The single line of the input contains a pair of integers m, s (1 ≤ m ≤ 100, 0 ≤ s ≤ 900) — the length and the sum of the digits of the required numbers.

Output

In the output print the pair of the required non-negative integer numbers — first the minimum possible number, then — the maximum possible number.

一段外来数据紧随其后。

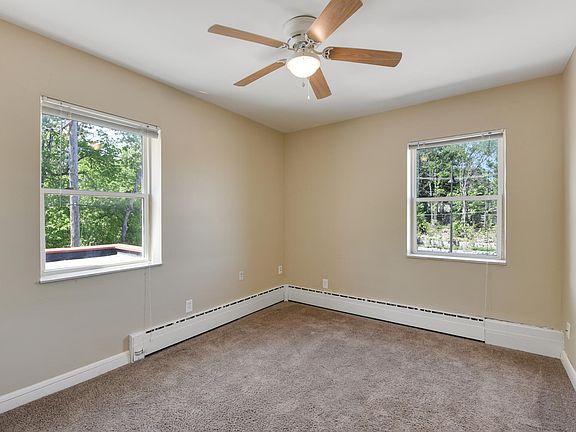 5th image of 3455 Shoreline Dr #1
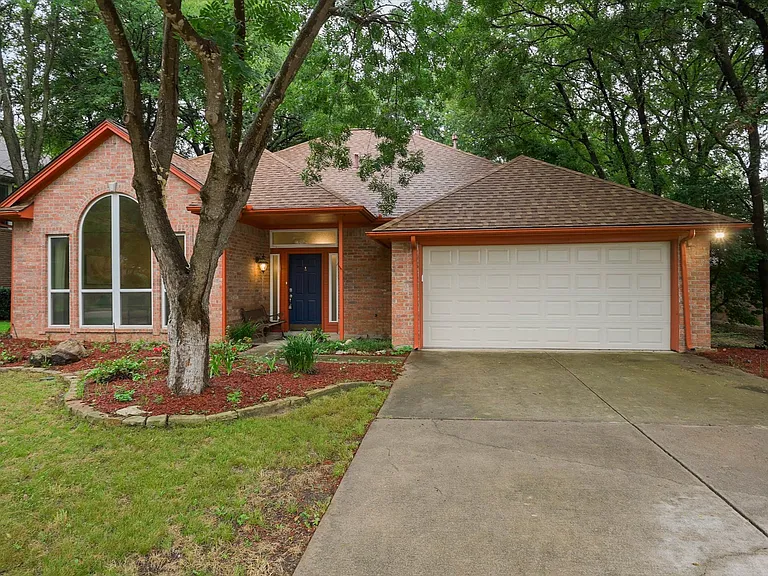 1717 Parkwood Dr — Photo 18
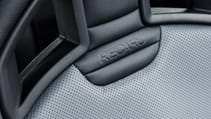 lr_defender_90_works_v8_036.jpg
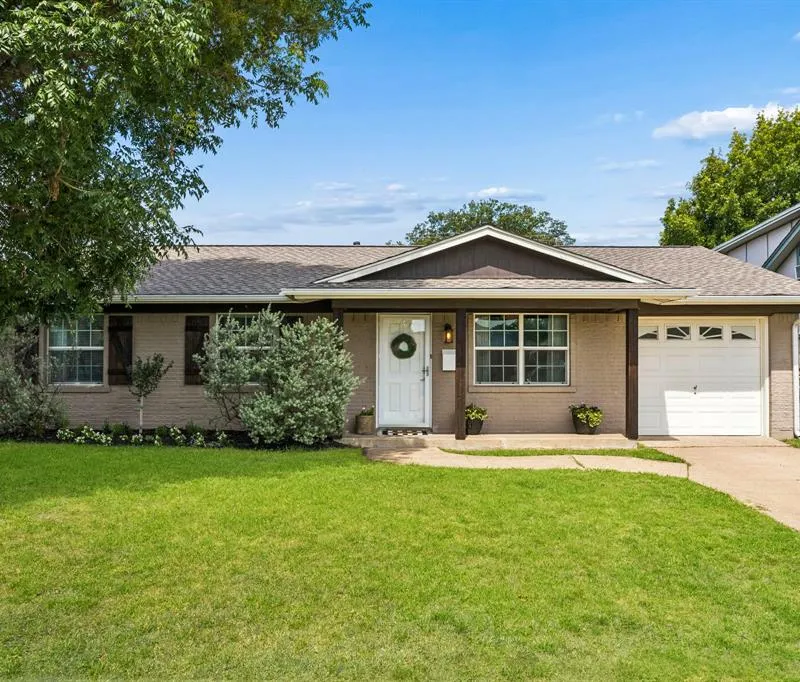 1317 Glenville Drive, Garland TX 75042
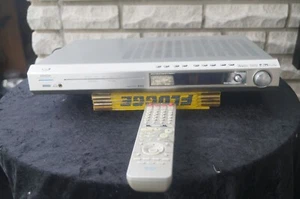 Sehr gepflegter Denon AVR-550 SD DVD / CD Player mit Fernbedienung - Bild 1 von 23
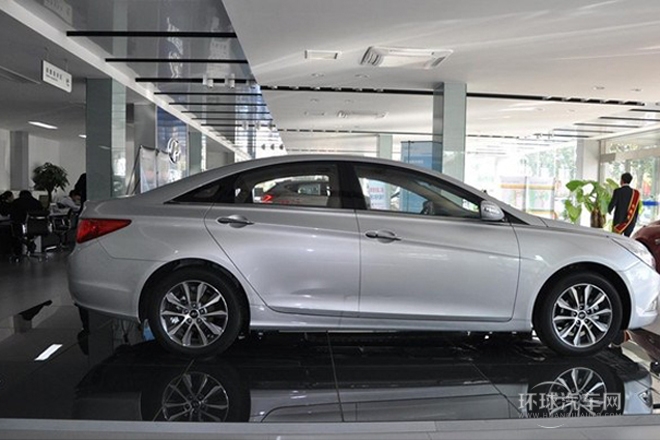 2013款 2.0L 自動(dòng)尊貴版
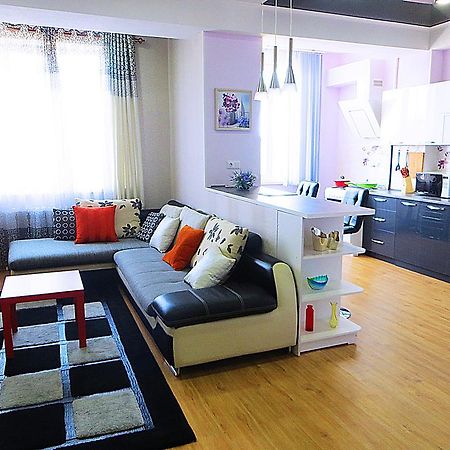 Bishkek Flatlux Apartments Esterno foto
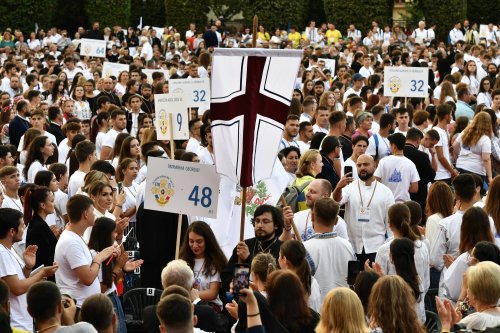Comuniunea tinerilor ortodocși în capitala Banatului Poza 266266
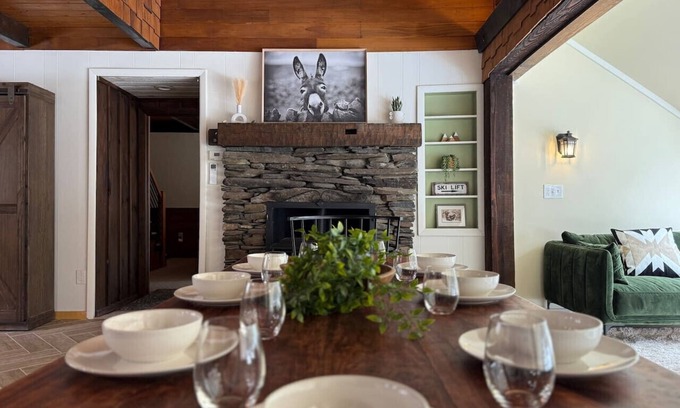 Killington Apartment | Holiday Haus- AC, game room, near golf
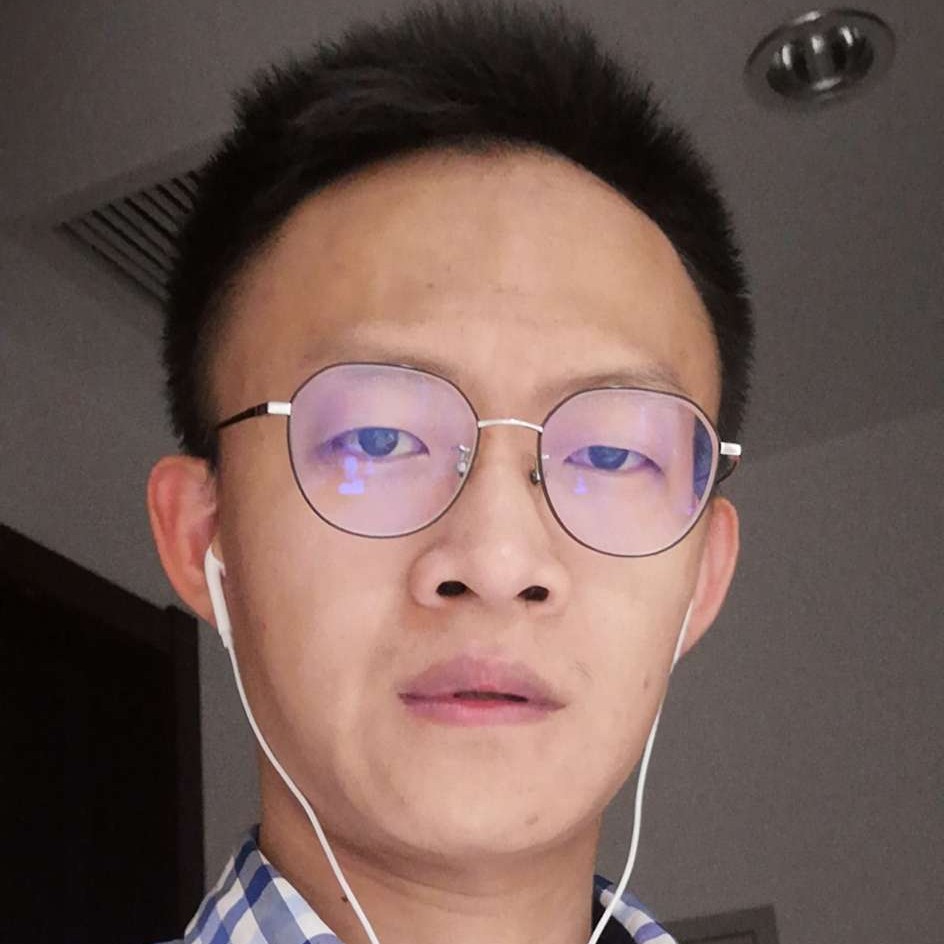 专注的鱼的照片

If no numbers satisfying conditions required exist, print the pair of numbers "-1 -1" (without the quotes).

Examples

input

2 15

output

69 96

input

3 0

output

-1 -1

题意：输入两个数n，m表示要你构造一个长度为n位，每位数字和为m的数，输出最小可能和最大可能

①特判为-1的情况，注意n=1，m=0的特例

②先求出最大可能，很显然从高位到低位贪心就好了，每次都是能填多大的数填多大的数（从9到0）

③可以想到把最大的数反过来就是最小的数，不过这样可能出现前导0，从后面借一个数就ok

#include<stdio.h>
#include<string.h>
int p[105], q[105];
int main(void)
{
	int n, m, i, j;
	scanf("%d%d", &n, &m);
	if(m<1 && n>=2 || m>9*n)
		printf("-1 -1\n");
	else
	{
		for(i=n;i>=1;i--)
		{
			for(j=9;j>=0;j--)
			{
				if(m>=j)
				{
					q[i] = p[i] = j;
					m -= j;
					break;
				}
			}
		}
		memcpy(q, p, sizeof(p));
		if(p[1]==0)
		{
			for(j=2;j<=n;j++)
			{
				if(p[j]!=0)
				{
					p[1]++, p[j]--;
					break;
				}
			}
		}
		for(i=1;i<=n;i++)
			printf("%d", p[i]);
		printf(" ");
		for(i=n;i>=1;i--)
			printf("%d", q[i]);
		puts("");
	}
	return 0;
}